Is the desired behavior even well defined? The docs seem to contradict;
:help 'encoding' says:
When "unicode", "ucs-2" or "ucs-4" is used, Vim internally uses utf-8.
but :help 'fileencoding' says:
When 'fileencoding' is empty, the same value as 'encoding' will be
used (no conversion when reading or writing a file).
In this case, 'fileencoding' is empty, but conversion *is* supposed to
occur when writing the file (from the internal utf-8 buffer to the
'encoding' utf-16).
> I don't think finding one bug is a good reason to drop support for this.

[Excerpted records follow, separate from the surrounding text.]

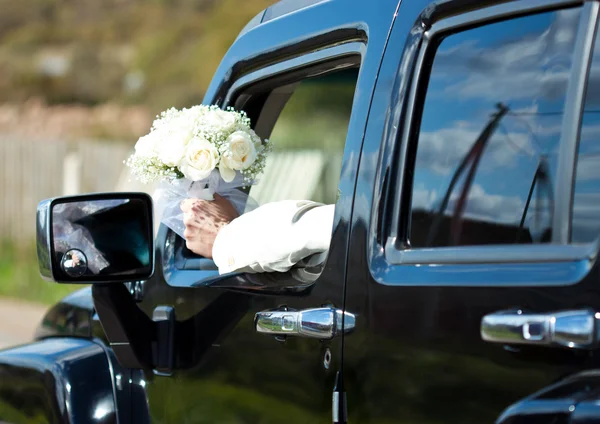 Brudgummen sitter i bilen — Stockfoto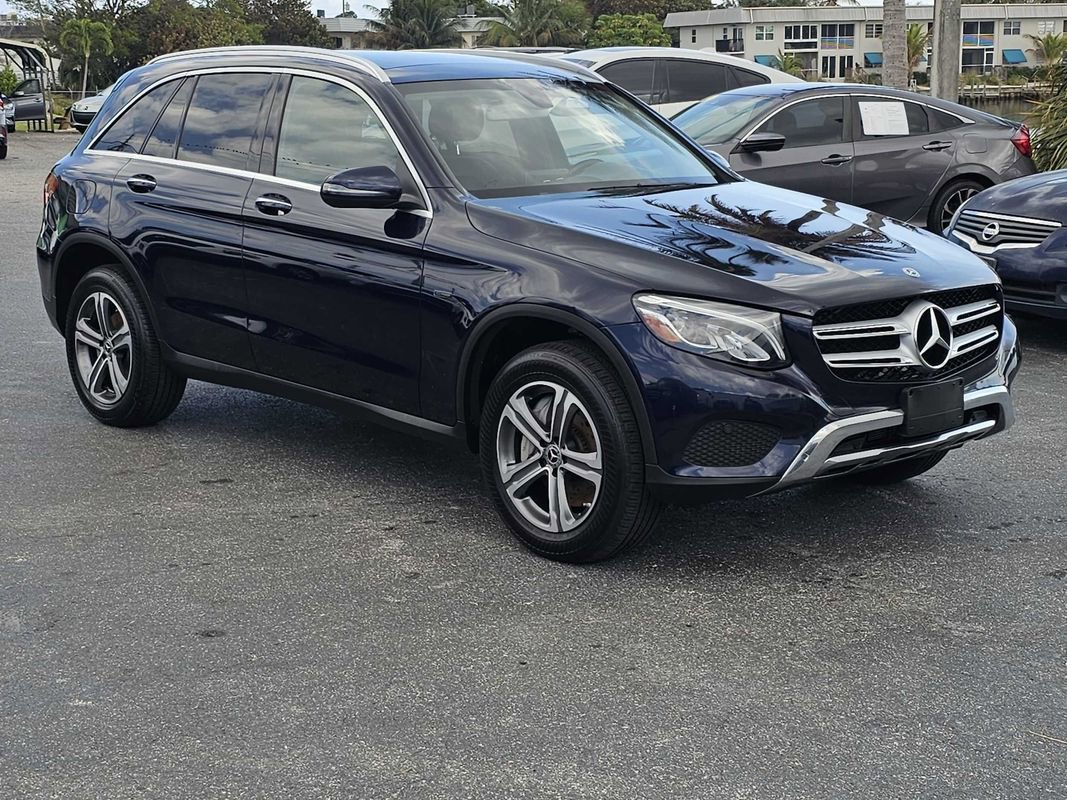 Used 2019 Mercedes-Benz GLC 350e 4MATIC image 16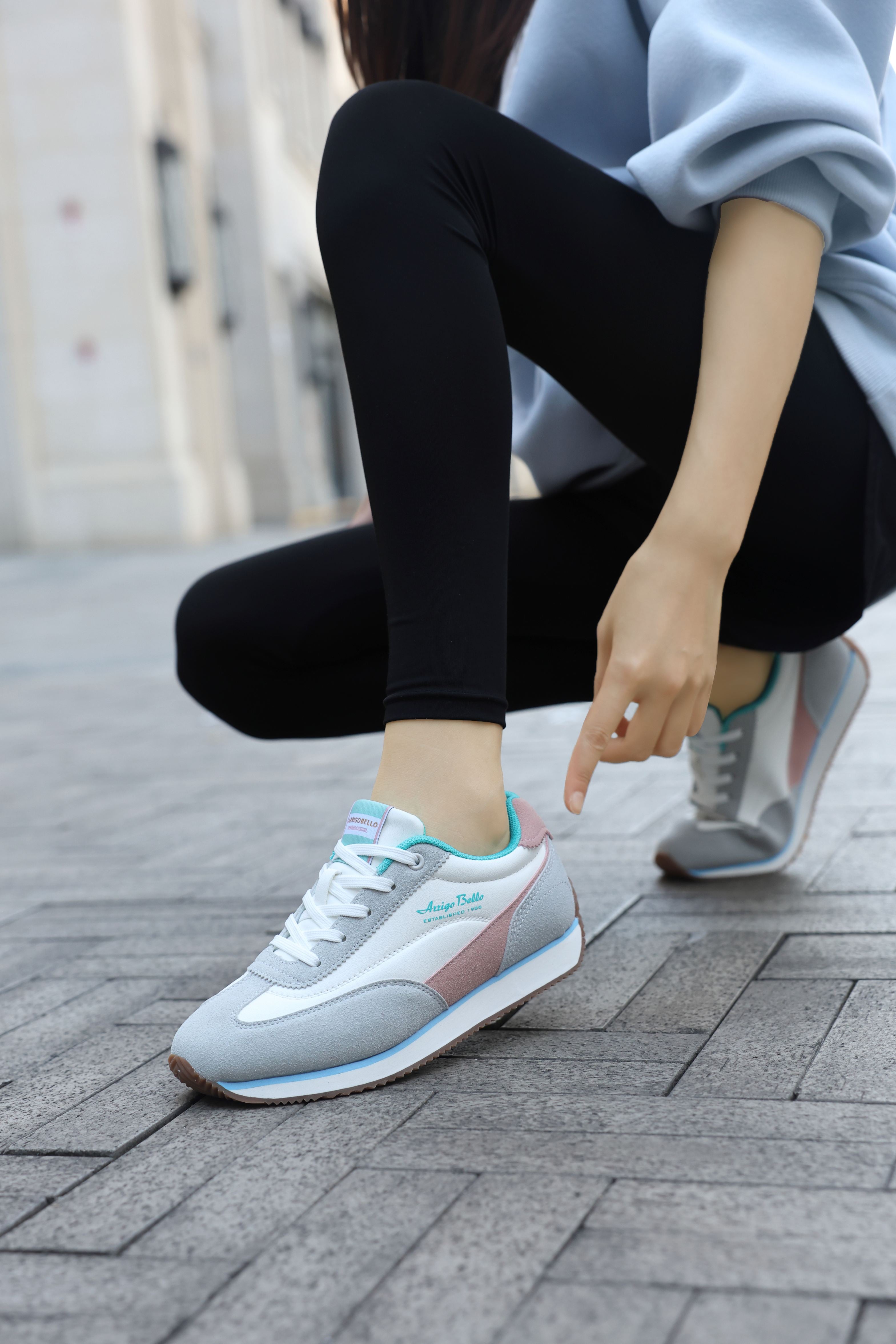 Pantofi casual pentru Dama, Model Lisa, Piele ecologica cu insertii piele naturala, Talpa subtire, Arrigo Bello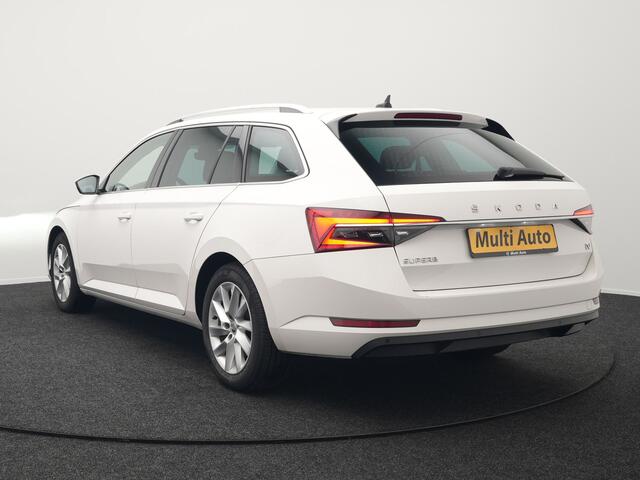Skoda SUPERB 1.4 TSI iV Business Edition Plus Plug In Hybrid 218pk PHEV | Trekhaak af Fabriek | Adaptive Cruise | Carplay | Electrische Sportstoelen met Memory | Keyless | Chrystal Led |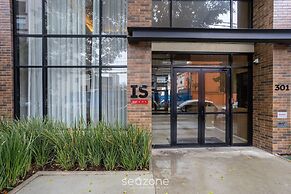 Modern Studio 450m From the Subway Ism0806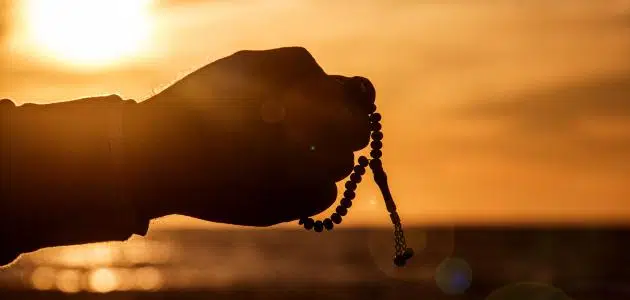 حكم العلم قبل الدعوة إلى الله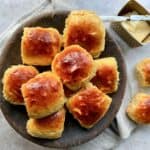 Gulerodsboller - Hjemmebagte boller med revet gulerod.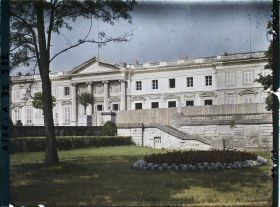 Image représentant France, Compiègne, Partie du Château brûlé et en reconstruction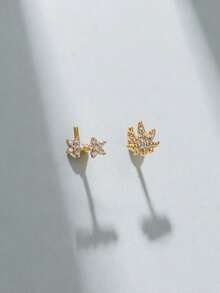 2Pcs Gold Tone Cubic Zirconia Maple Leaf & Flower L Shaped Nose Stud Set, Y2K L-Bend Nose Piercing Jewelry For Women - Gold - View 2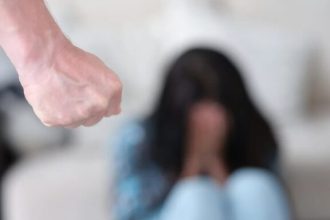 Ισπανία: Διαμάχη μετά τις βλάβες σε ηλεκτρονικά βραχιολάκια που φορούν βίαιοι πρώην σύντροφοι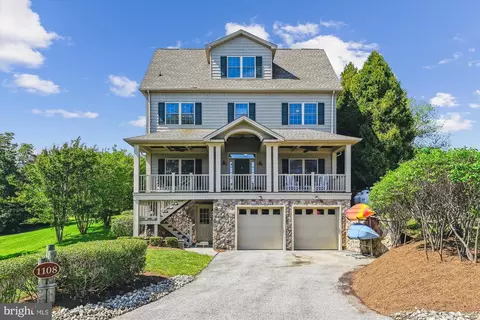 1108 Hull Dr, Edgewater, MD 21037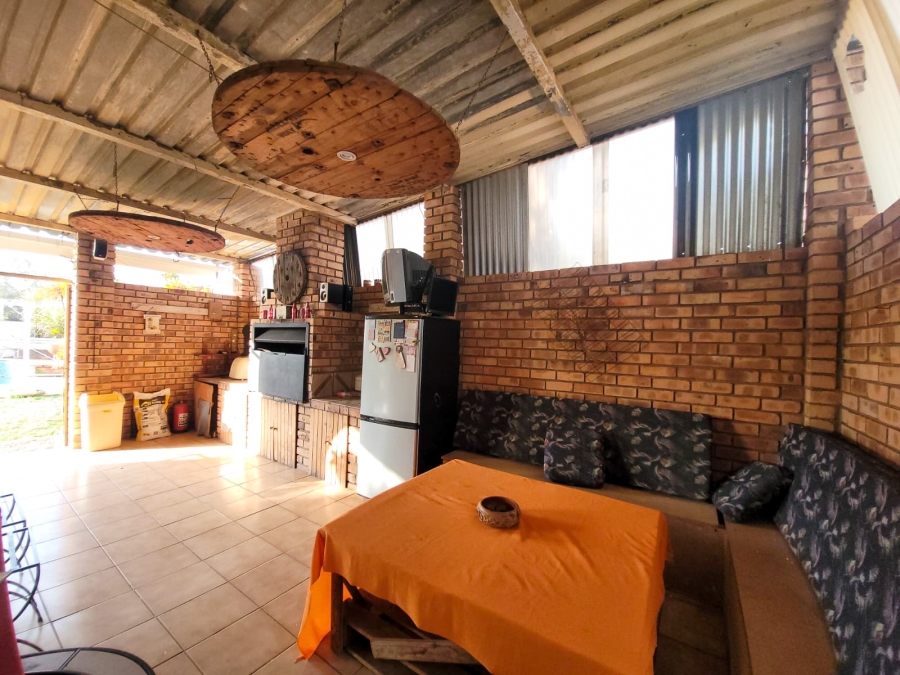 3 Bedroom Property for Sale in Flamwood North West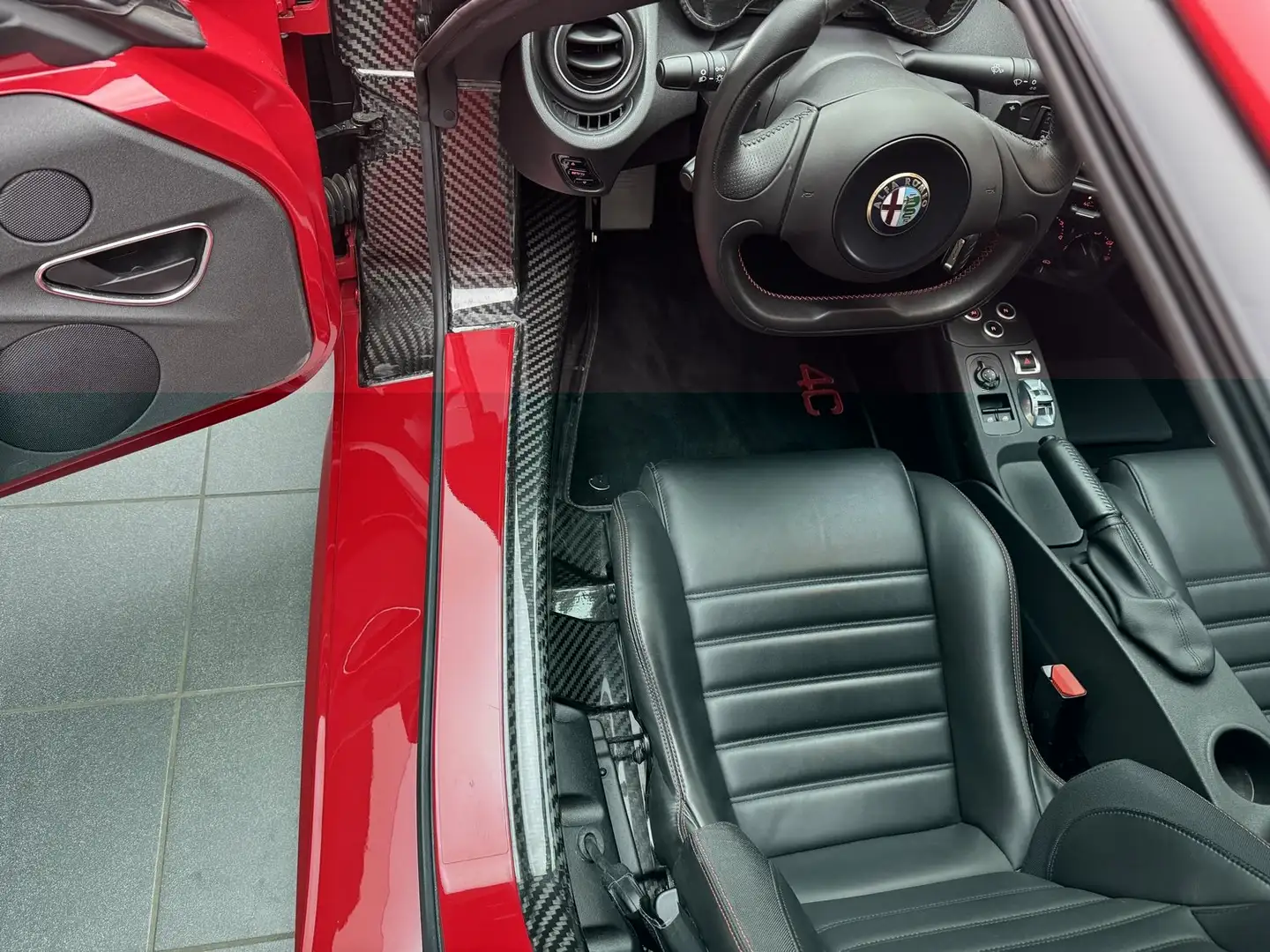 Alfa Romeo 4C 1.7 TBi Coupé - Rosso Competizione- Coming Soon Rosso - 2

> It's probably easy to fix.
~Matt
I'm not Bram, so take my opinions below with a grain of salt; however,
after attentively reading the Vim multibyte docs for years, I believe
that the "desired" (or at least the "least surprising") behaviour would be:
- If 'encoding' is one of ucs-2, ucs-2le, utf-16, utf-16le, ucs-4,
ucs-4le (or utf-32, utf-32le which are aliases for ucs-4 ucs-4le; or the
*be aliases for ucs-? utf-??), use utf-8 internally, but convert between
utf-8 and 'encoding' when reading and writing if 'fileencoding' is
empty. Vim ought to be able to do these conversions without calling
iconv, they are trivial (the "least trivial" of them, I think, is when
converting between UTF-16 surrogate pairs and UTF-8 representation for
codepoints in the range U+10000 - U+10FFFF, but even that is systematic,
and documented with no ambiguity somewhere on the Unicode site, and even
IIRC on the Wikipedia).
- With the same values of 'encoding', when 'fileencoding' is nonempty,
always pass UTF-8 to represent the "internal encoding" when invoking
iconv for reading or writing. The same of course applies when
"bypassing" iconv, e.g. when 'fileencoding' is latin1.
- With other values of 'encoding' (including utf-8), 'encoding'
represents the actual memory representation. This is the "general case"
and is what is documented wherever the Vim help doesn't explicitly
mention the opposite.
Best regards,
Tony.
--
Line Printer paper is strongest at the perforations.